*** SUPPLIED RECORDS
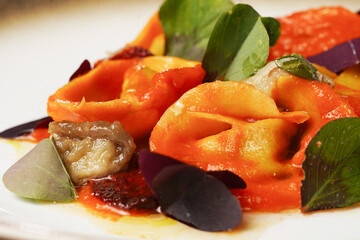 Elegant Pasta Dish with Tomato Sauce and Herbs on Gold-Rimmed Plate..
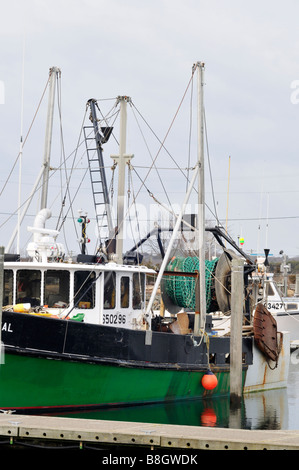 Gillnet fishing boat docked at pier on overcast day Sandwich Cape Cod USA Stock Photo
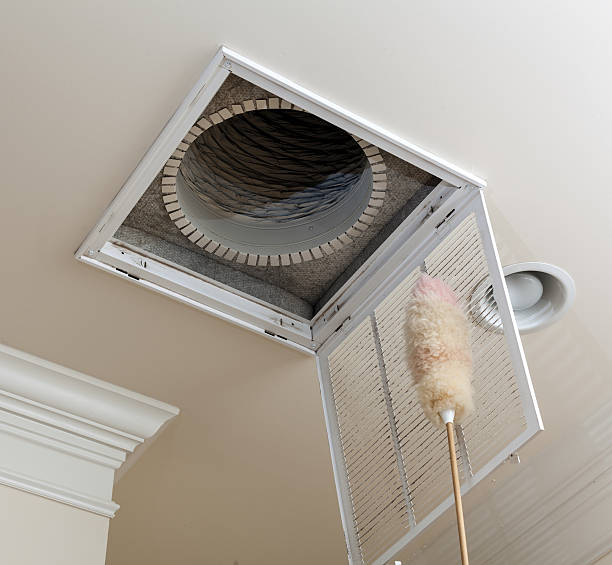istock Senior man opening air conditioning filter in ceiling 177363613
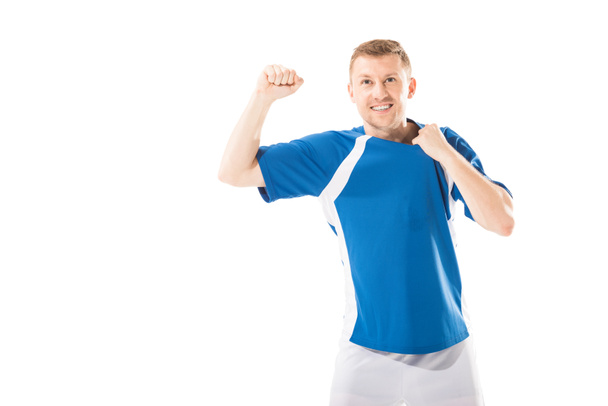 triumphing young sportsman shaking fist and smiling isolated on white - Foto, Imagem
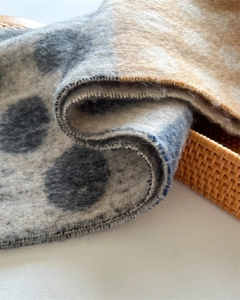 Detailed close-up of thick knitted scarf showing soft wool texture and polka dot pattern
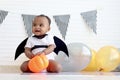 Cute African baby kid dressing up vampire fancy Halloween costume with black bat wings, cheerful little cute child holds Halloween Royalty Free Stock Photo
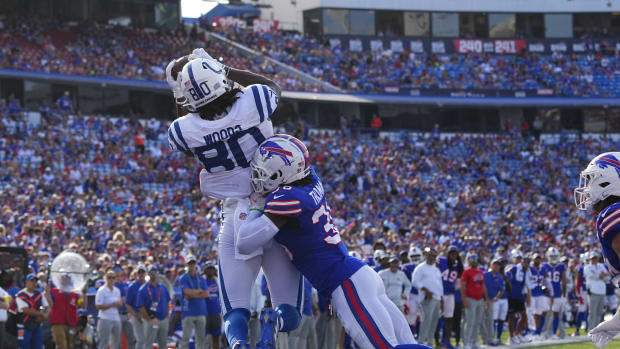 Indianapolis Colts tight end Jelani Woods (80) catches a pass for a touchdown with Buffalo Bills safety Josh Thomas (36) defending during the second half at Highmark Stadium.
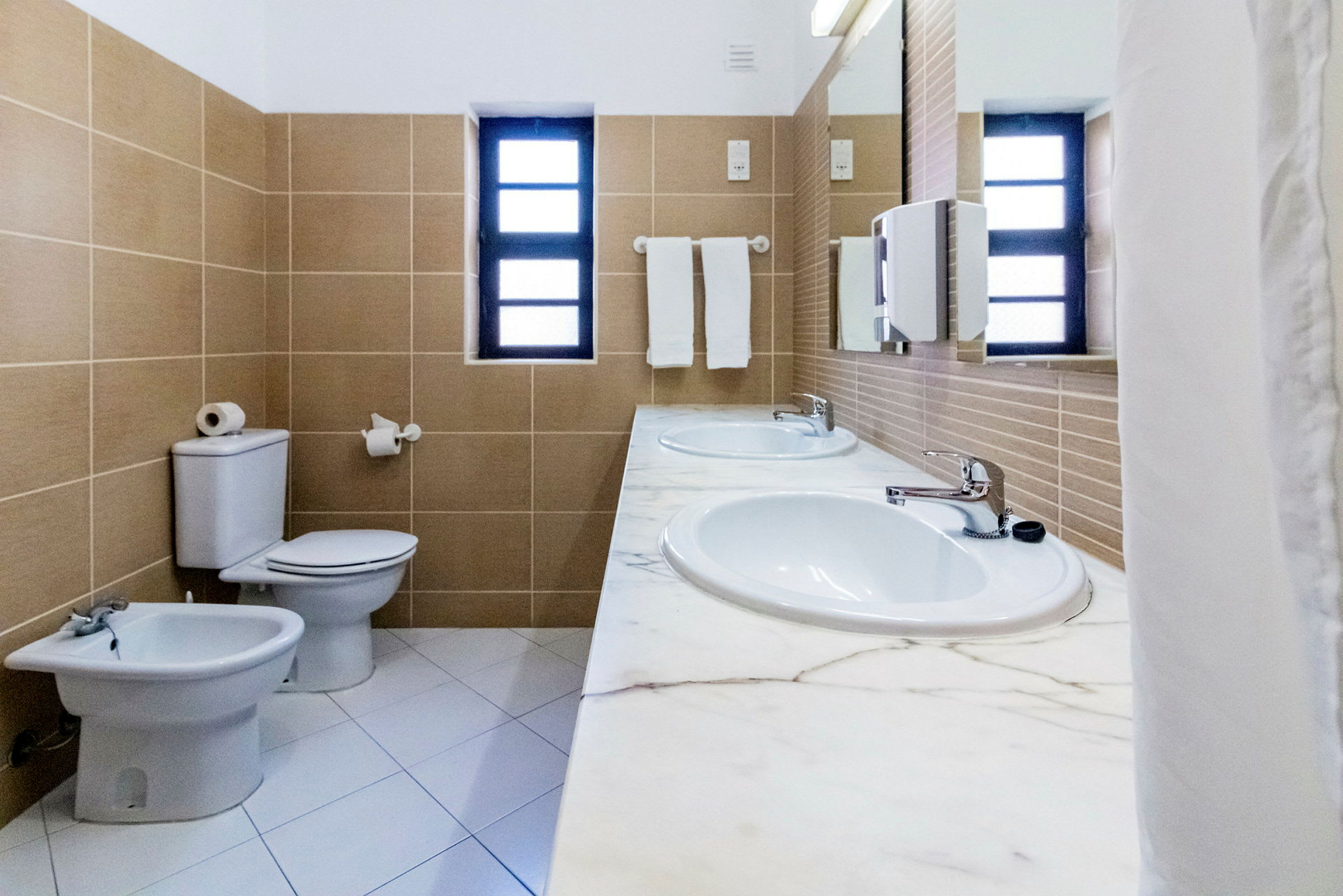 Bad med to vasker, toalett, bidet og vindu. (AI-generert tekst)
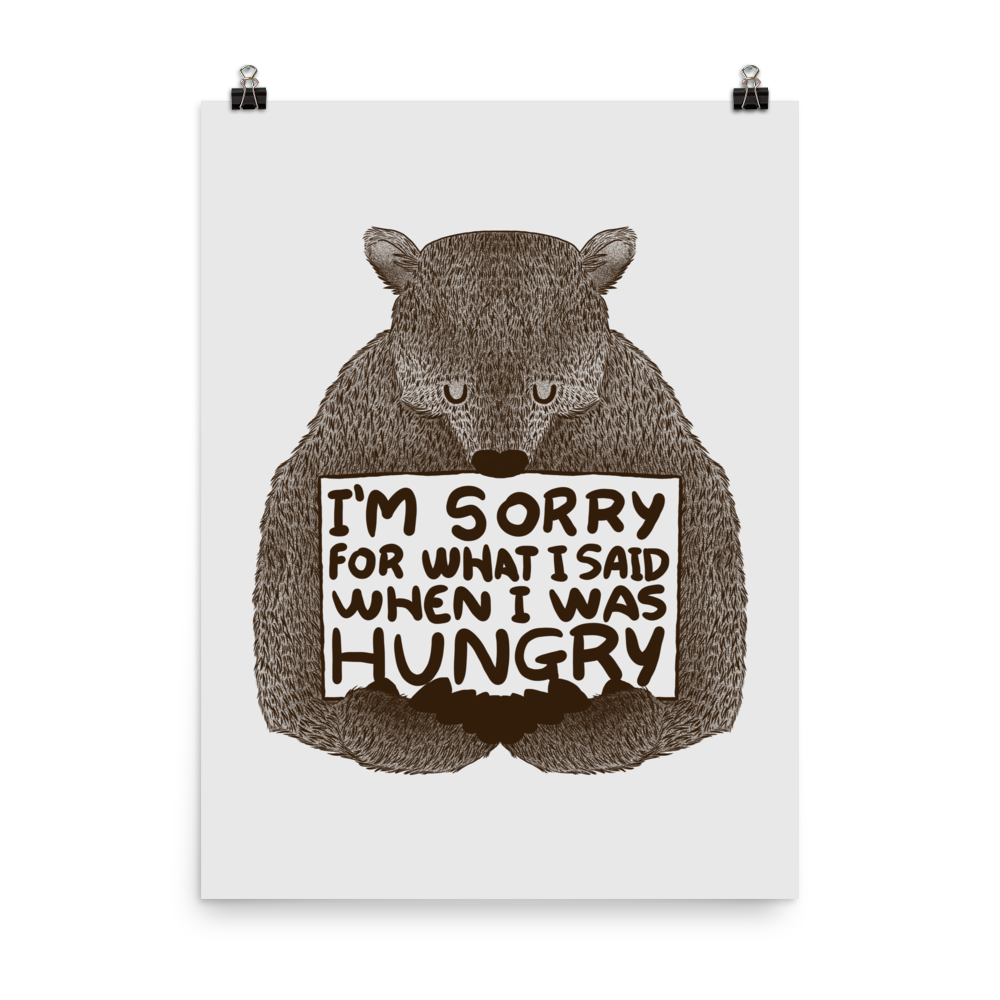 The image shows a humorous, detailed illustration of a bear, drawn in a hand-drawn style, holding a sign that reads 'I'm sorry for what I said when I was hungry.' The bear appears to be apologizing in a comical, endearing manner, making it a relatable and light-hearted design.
******
*WORK ORDER*
No pictures belong in the copy: reproduce exactly the lines above from the one that contains "Bad med to vasker, toalett, bidet" through the last line of the entries.

*RESULT BELOW*
 Bad med to vasker, toalett, bidet og vindu. (AI-generert tekst)
 The image shows a humorous, detailed illustration of a bear, drawn in a hand-drawn style, holding a sign that reads 'I'm sorry for what I said when I was hungry.' The bear appears to be apologizing in a comical, endearing manner, making it a relatable and light-hearted design.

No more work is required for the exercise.